▶ TASK INPUTS:
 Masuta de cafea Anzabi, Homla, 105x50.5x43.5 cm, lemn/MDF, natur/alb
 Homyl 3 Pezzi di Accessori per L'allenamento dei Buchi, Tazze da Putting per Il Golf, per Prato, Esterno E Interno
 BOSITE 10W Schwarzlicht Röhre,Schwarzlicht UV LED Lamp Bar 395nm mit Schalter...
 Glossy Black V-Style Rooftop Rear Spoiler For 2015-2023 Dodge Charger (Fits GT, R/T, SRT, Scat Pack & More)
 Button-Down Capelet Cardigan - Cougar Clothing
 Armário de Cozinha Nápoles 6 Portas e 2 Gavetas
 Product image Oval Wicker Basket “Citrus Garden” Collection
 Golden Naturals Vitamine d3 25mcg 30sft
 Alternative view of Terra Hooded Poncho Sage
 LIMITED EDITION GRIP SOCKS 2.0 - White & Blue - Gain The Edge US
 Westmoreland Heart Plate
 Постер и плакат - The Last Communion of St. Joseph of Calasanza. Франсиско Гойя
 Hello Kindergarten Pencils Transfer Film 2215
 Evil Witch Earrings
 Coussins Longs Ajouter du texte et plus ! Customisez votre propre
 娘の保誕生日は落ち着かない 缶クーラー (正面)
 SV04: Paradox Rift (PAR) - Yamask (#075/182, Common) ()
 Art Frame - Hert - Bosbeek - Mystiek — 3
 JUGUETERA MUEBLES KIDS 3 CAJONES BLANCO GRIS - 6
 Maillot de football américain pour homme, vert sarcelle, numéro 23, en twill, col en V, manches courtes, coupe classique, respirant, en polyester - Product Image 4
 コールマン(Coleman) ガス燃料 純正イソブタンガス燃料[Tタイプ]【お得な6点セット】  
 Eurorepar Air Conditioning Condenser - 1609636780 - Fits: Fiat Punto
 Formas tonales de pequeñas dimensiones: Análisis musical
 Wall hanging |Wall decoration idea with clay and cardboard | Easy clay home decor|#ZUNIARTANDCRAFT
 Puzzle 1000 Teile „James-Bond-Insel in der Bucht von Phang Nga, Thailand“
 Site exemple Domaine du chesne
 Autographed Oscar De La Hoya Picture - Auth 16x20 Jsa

▶ AIM OF THE EXERCISE:
Using the word "Product" as the filter, copy each matching line from the material.

▶ EXERCISE OUTPUT:
 Product image Oval Wicker Basket “Citrus Garden” Collection
 Maillot de football américain pour homme, vert sarcelle, numéro 23, en twill, col en V, manches courtes, coupe classique, respirant, en polyester - Product Image 4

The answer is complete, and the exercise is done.